Year End Life Planning Considerations

December 2, 2015 - Posted by: admin - In category:

taxes - No Responses

As we near the end of another calendar year, it is worth reviewing the state of your personal, family and business arrangements.

Some people will do “year-end” tax planning and tax considerations are often important reasons to take or avoid taking certain actions.  However, above and beyond tax stuff, a year-end inventory is a prudent practice which could significant benefits to you and those you care about.  Many of the items in the sample inventory below were borrowed from Brenda Geiger, an estate planning attorney in California (

  • Have you opened or closed bank or brokerage accounts?
  • Have you rolled over a retirement account or otherwise established a new retirement account?
  • Have you purchased or sold a home in the last 1-5 years?
  • Have you sold or purchased any rental property?
  • Have you paid off or re-financed the mortgage on your home?
  • Have there been any recent changes in your family? (Births, deaths, divorce, marriage, reconciliations, or estrangements)
  • Has there been a significant change in your health status recently?
  • Do you have any unmarried children that have left for college in the last year or two?
  • Have you inherited any assets since your last review?
  • Have you had any significant changes in your financial status since your last review?
  • Are there any changes to the list of people who we are authorized to talk to about your estate plan?
  •  Have you had any threats of lawsuits or legal judgments against you that have arisen since your last review?
  • Are all relevant assets properly funded into your revocable trust? (i.e. is there an actual “legal connection” between such assets and the trust, rather than just an inventory paper in a binder)
  • If you have a joint trust, do you have the right marital estate plan in place? A Clayton election plan may be more advantageous for you instead of an A/B trust due to more recent estate tax law changes.
  • Has it been more than 2 years since you last executed your Power of Attorney and/or Advance Health Care Directive?
  • Do you have any children that have been born since your last estate plan update that needs to be added to your trust, will and guardianship nomination?
  • Have you started a business since your last estate plan review?
  • Did you update the beneficiary designation form on all of your life insurance policies to list your trust as either the primary or contingent beneficiary?
  • Do you have an aging parent or loved one that you fear may lose their home and/or run out of money paying for a long-term care nursing home stay now or in the future?
  • Have you completed your personal property memorandum to leave certain important personal items to certain people?
  • Does your current estate plan protect your children or other beneficiaries from a divorcing spouse, a lawsuit, bankruptcy, or other predatory creditors?
  • Do you want to update who your successor Trustees are at incapacity or death?
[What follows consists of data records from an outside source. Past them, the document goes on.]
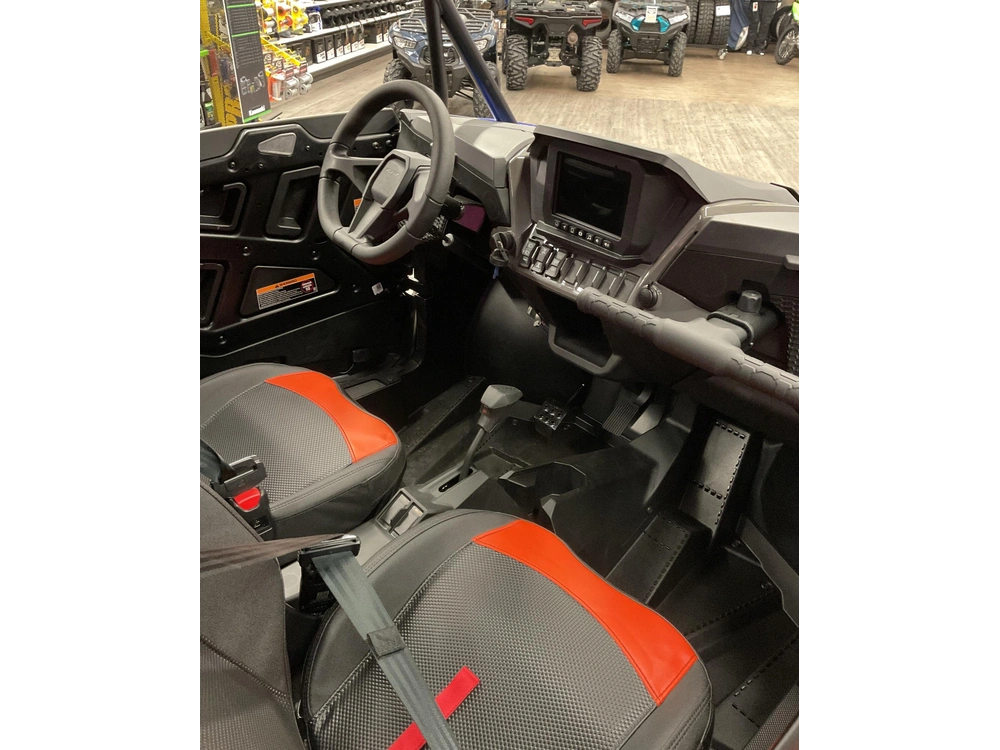 2025 Polaris Rzr Xp 1000 Ultimate - Polaris Blue Ultimate alt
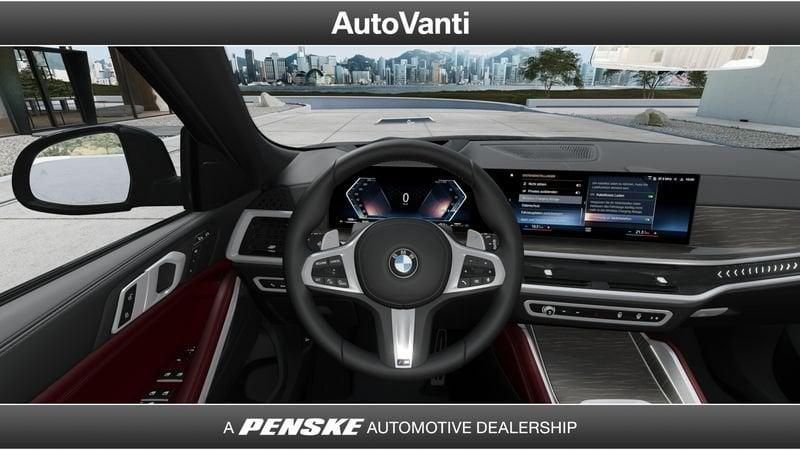 BMW X6 X6 xDrive40d 48V Msport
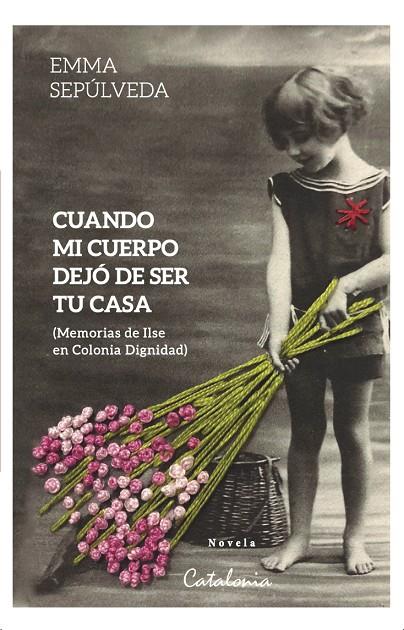 CUANDO MI CUERPO DEJÓ DE SER TU CASA | 9788418354892 | SEPULVEDA, EMMA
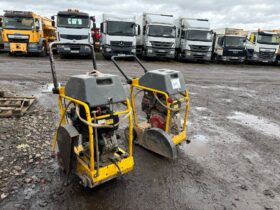 1 WACKER NEUSON FLOOR SAWS X2 For Auction on 2025-03-18 For Auction on 2025-03-18 full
Or who your health care power of attorney agents are or who your financial power of attorney agents are?
  • Have you exercised any stock options recently? Or have your stock options now vested?
  • Have you made substantial gifts of money or other assets in the past year or do you want to make such gifts before the end of the year?

These and many like considerations should be discussed with your trusted attorney and accountant.  Some of these are strictly legal considerations and some are more relevant from a tax perspective, but all of these have both legal and tax issues associated with the same.

As always, we are here to help!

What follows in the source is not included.